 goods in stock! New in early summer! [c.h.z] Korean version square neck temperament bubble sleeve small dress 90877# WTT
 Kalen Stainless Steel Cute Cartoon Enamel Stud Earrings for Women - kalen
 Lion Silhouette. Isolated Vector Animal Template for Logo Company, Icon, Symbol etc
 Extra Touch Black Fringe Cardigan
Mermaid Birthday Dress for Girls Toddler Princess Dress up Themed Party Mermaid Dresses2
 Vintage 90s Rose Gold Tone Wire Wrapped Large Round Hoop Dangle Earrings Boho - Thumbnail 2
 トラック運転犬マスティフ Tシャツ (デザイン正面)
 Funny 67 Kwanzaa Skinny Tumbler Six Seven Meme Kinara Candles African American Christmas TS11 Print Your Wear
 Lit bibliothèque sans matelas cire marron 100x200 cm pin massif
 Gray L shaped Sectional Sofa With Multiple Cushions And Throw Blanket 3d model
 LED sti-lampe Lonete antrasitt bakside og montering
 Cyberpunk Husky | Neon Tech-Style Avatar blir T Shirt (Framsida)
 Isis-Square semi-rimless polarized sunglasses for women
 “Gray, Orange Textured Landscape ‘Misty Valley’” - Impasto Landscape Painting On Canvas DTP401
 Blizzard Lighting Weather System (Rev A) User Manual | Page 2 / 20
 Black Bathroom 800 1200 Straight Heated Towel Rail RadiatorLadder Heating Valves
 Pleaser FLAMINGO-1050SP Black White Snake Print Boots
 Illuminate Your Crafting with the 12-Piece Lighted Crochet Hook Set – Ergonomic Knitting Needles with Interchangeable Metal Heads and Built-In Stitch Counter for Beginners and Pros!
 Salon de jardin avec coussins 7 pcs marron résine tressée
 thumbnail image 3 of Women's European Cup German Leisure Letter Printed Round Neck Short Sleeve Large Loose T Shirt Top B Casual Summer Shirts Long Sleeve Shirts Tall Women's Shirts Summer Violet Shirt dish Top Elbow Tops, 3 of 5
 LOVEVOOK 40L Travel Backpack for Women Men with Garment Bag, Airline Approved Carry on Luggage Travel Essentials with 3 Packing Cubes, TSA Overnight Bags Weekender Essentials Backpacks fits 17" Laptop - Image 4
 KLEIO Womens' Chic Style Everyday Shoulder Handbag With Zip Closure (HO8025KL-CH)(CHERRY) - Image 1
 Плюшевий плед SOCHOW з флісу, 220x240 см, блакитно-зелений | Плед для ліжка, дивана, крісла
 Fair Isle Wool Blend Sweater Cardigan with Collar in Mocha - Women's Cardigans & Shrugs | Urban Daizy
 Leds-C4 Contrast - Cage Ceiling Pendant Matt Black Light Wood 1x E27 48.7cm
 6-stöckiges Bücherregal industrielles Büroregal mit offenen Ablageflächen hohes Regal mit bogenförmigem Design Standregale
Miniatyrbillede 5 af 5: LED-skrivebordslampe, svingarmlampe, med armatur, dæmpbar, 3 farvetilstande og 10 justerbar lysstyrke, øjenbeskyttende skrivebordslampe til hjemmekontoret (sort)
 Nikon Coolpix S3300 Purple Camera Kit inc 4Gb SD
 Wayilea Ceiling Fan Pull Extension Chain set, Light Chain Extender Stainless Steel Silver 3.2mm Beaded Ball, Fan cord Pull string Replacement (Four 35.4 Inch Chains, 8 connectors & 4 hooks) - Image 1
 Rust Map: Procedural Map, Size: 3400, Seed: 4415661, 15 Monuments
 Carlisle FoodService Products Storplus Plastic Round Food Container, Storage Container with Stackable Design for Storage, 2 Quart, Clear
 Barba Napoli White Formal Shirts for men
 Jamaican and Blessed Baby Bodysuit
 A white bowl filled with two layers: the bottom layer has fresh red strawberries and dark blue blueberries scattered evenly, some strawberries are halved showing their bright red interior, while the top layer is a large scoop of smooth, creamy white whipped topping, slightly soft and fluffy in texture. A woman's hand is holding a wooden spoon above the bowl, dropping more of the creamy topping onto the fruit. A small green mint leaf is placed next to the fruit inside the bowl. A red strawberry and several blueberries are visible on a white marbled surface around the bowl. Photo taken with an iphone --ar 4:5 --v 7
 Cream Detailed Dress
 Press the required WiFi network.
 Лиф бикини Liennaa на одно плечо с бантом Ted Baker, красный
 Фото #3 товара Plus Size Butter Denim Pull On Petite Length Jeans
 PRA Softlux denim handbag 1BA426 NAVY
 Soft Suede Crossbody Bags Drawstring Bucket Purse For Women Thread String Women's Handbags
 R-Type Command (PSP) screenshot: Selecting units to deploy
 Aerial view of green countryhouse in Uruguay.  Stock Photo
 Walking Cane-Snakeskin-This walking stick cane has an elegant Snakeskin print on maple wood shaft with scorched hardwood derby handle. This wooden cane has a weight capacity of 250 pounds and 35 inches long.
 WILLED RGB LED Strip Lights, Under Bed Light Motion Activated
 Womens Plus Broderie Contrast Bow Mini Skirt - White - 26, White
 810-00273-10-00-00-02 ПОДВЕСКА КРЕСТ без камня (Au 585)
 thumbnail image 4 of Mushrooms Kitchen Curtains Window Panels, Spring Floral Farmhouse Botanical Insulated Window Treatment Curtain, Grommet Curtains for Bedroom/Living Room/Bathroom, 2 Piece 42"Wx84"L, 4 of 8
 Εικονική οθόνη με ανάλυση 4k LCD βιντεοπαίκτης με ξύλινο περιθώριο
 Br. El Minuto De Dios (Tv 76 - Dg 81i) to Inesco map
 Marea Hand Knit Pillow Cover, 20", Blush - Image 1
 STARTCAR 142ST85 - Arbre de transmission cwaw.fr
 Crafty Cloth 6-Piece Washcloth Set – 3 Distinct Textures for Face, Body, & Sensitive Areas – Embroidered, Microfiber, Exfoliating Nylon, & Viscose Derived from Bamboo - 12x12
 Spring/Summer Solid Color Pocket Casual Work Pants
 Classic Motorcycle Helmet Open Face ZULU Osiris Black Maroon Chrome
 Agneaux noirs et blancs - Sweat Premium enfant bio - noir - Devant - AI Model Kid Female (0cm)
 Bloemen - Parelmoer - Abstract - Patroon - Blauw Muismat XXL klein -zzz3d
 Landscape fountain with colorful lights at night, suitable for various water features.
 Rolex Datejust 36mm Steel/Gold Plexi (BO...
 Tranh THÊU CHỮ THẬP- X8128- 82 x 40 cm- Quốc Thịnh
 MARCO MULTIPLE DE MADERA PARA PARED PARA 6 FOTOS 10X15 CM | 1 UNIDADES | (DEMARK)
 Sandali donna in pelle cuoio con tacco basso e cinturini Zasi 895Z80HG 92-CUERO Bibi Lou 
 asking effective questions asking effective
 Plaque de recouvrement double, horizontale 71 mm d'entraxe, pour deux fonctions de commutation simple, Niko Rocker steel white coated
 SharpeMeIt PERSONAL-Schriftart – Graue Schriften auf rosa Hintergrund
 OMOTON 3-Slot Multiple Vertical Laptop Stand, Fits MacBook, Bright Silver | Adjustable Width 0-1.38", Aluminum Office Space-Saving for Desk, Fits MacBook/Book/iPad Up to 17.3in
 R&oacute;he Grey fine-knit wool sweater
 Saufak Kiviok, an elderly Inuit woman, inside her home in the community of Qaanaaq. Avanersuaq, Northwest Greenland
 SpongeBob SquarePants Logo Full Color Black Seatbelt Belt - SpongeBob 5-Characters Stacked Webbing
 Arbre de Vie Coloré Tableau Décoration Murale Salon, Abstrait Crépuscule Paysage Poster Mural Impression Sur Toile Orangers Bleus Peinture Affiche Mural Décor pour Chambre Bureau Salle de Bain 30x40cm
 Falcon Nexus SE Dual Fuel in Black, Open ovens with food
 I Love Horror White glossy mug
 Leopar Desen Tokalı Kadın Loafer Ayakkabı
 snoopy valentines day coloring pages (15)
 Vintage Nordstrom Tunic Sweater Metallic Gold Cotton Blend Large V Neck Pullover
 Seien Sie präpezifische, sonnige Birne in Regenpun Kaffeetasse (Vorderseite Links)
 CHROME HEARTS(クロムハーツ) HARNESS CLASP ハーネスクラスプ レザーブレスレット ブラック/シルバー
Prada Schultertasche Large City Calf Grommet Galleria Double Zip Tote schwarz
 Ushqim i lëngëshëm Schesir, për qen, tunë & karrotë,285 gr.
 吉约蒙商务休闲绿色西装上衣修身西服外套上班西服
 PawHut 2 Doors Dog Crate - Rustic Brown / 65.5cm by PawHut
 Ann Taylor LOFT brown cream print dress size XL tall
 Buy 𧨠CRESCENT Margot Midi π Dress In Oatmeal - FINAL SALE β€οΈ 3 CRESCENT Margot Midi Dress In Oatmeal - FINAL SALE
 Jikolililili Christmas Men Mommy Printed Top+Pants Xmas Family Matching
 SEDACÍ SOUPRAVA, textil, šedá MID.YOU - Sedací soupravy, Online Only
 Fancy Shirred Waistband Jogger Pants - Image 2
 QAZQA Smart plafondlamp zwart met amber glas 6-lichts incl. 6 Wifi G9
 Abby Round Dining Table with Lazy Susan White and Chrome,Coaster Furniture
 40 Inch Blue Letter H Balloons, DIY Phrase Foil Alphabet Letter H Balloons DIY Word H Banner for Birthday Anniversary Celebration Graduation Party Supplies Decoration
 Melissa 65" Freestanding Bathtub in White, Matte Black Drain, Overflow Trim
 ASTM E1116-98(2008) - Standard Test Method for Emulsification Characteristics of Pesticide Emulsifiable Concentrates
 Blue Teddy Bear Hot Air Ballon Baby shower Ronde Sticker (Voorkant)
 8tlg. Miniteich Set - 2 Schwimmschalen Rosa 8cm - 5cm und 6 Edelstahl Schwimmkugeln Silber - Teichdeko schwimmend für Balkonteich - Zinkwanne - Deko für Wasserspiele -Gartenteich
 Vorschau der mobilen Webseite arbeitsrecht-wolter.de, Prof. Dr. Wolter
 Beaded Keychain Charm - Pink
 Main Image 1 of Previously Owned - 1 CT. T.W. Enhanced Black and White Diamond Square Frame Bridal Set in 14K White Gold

----

◆ Exercise aim ◆
Would you please repeat exactly the lines above, starting at the line with "QAZQA Smart plafondlamp" and stopping at the line with "40 Inch Blue", both included?

◆ Task response ◆
 QAZQA Smart plafondlamp zwart met amber glas 6-lichts incl. 6 Wifi G9
 Abby Round Dining Table with Lazy Susan White and Chrome,Coaster Furniture
 40 Inch Blue Letter H Balloons, DIY Phrase Foil Alphabet Letter H Balloons DIY Word H Banner for Birthday Anniversary Celebration Graduation Party Supplies Decoration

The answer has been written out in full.